[Critique commune à Nous mourons nus et Frank Merriwell à la Maison Blanche.]
La collection « Dyschroniques » poursuit son petit bonhomme de chemin, avec ses rééditions de nouvelles de SF « politique »… toujours un poil onéreuses.
Commençons avec le meilleur de ces deux petits volumes, Nous mourons nus de James Blish, texte datant de 1969. Nous y suivons un certain Alexei-Aub Kehoe Salvia Soleil-Lune-Lac Stewart. Alex est Président Général de la Loge 802 de la Fraternité Internationale des Ingénieurs de l’Hygiène ; un éboueur, quoi, mais de la haute. Et on a bien besoin d’éboueurs dans le futur sinistre que nous dépeint l’auteur, qui tirait déjà, en 1969, la sonnette d’alarme quant aux dangers de l’accumulation d’ordures, de l’effet de serre et du réchauffement climatique. Du fait de la fonte des glaces et de l’élévation du niveau des océans, New York est ainsi pour partie submergée, et l’on s’y déplace en canoës (sinon en saucisses). Et ce n’est pas parti pour s’arranger… A vrai dire, il est même un peu tard pour brandir la menace d’une grève qui, à ce stade, ne préoccupe plus les autorités : Alex obtient confirmation que l’apocalypse est pour bientôt… L’idée d’anthropocène est ici une réalité concrète, et l’inconscience de l’homme débouche sur une menace géologique immédiate ; des tremblements de terre dus aux forages malencontreux d’enfouissement des ordures commencent en effet à secouer la Grosse Pomme. Tout cela, Alex a l’occasion d’en discuter avec ses amis, un petit cercle bohème d’intellectuels et d’artistes, avant, le moment venu, de les inviter (enfin, quelques-uns…) à se joindre à lui pour bénéficier du plan secret du gouvernement destiné à évacuer une poignée de citoyens sur la Lune…
Nous mourons nus, nouvelle dédiée à Philip K. Dick qui l’admirait profondément (et incitait Blish à la développer, y voyant matière à un futur classique de la science-fiction), est à n’en pas douter une réussite. Texte bourré d’idées et visionnaire comme seule peut l’être la meilleure SF, assez subtilement écrit et conçu, il bénéficie d’un humour cinglant porté sur l’absurde et la satire, sans négliger pour autant ni la réflexion, ni l’émotion.
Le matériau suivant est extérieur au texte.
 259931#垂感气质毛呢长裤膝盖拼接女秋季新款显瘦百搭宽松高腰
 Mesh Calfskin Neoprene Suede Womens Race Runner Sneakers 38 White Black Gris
Si la conclusion (qui s’intéresse davantage à l’épouse d’Alex, Juliette) est un cran en dessous de la réjouissante entrée en matière, on ne boudera pas notre plaisir : c’est là un très chouette texte, en plein dans les préoccupations écologiques du temps et qui en use au mieux, le pire étant qu’il reste d’une indéniable actualité…
Frank Merriwell à la Maison Blanche est moins convaincant… Dans cette nouvelle de 1973, Ward Moore imagine qu’un magnat politique lance la carrière du candidat idéal : un robot (conçu par un beau spécimen de savant fou appelant de ses vœux la destruction de la civilisation), qui adopte le nom de Frank Merriwell en référence à une « figure puritaine et passéiste de la culture américaine » (précision bienvenue en appendice…), et déboule dans l’arène politique en affirmant d’emblée aux électeurs qu’il est « contre le progrès ». Mais ce discours qui a tout du conservatisme le plus extrême séduit des libéraux, et Frank Merriwell gravit les échelons jusqu’à la Maison Blanche, où il pourra mettre en place son utopie réactionnaire…
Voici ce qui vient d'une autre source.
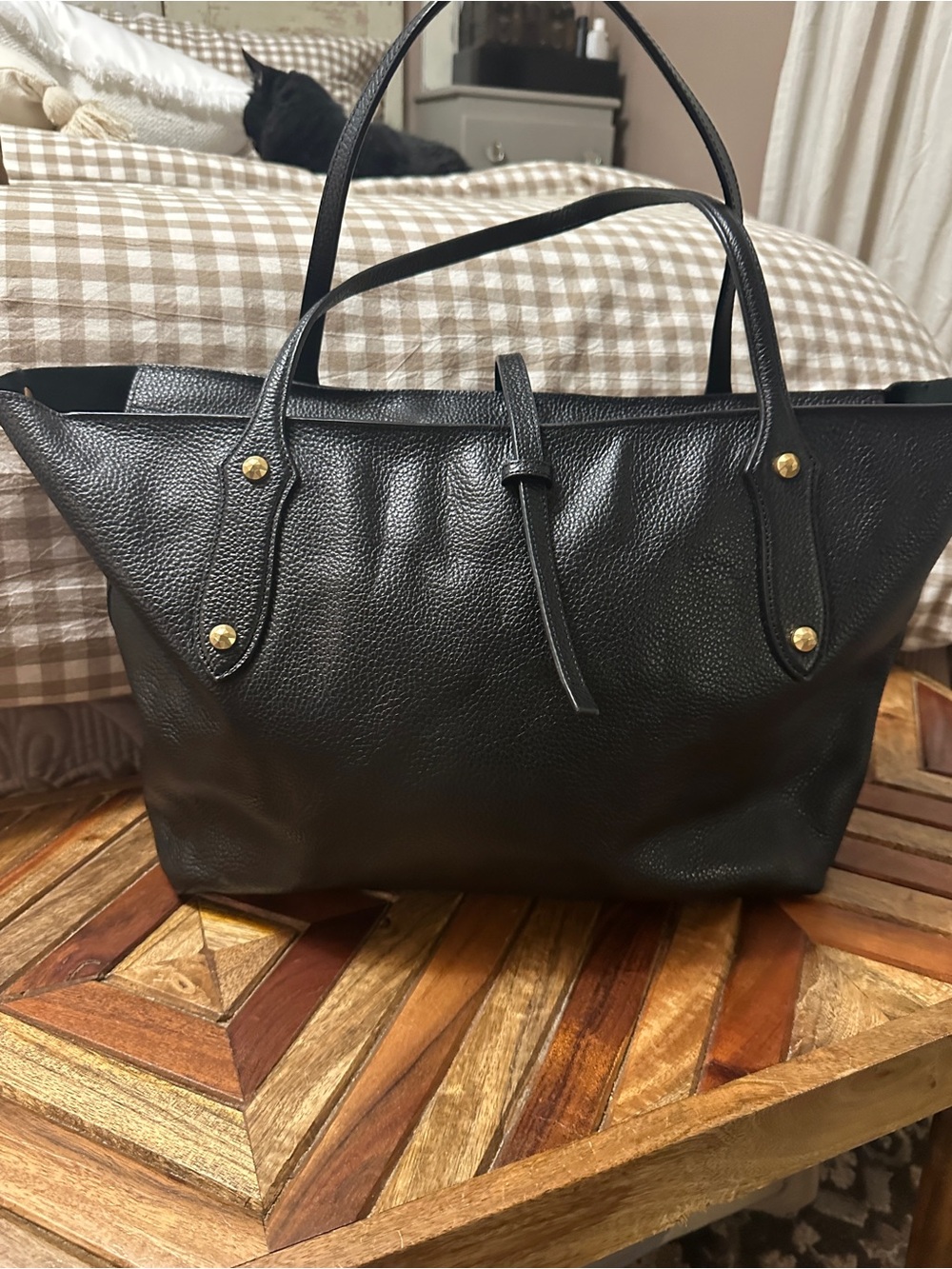 Black Pebbled Leather Tote with Gold Stud Details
Farce qui ne se pose guère la question de la crédibilité, la nouvelle de Ward Moore se veut une satire de la vie politique américaine, et ne manque pas d’intérêt sous cet angle (on précisera que cette édition est abondamment annotée, ce qui était pour le moins nécessaire). Pourtant, dans l’ensemble, elle ne marche pas vraiment. Que le propos soit ambigu, prenant à rebrousse-poil les sentiments progressistes d’une bonne partie des lecteurs, n’est sans doute pas le principal problème (même si les lectrices apprécieront tout particulièrement le rôle dévolu à la femme dans la société idéale défendue par le robot, ou ses positions quant à la contraception). Non, le vrai souci réside dans le caractère guère convaincant des joutes oratoires et autres scènes censées expliquer l’ascension fulgurante de cette machine politique parfaite : on n’y croit pas deux secondes, en dépit même de ce qu’autorise le principe de la farce, et donc de la caricature — trop d’absurde tue la démonstration. D’autant que passée la surprise du positionnement conservateur de Frank Merriwell, son ascension vers les plus hautes sphères de la vie politique américaine s’avère toute tracée, et on s’ennuie du coup un peu à la lecture. Si on ajoute à tout cela un humour qui, pour être omniprésent, ne fait pas toujours mouche, loin s’en faut, la conclusion s’impose : cette nouvelle est en définitive au mieux médiocre…
Bilan contrasté, donc, pour ces deux publications. On aura vite choisi son camp.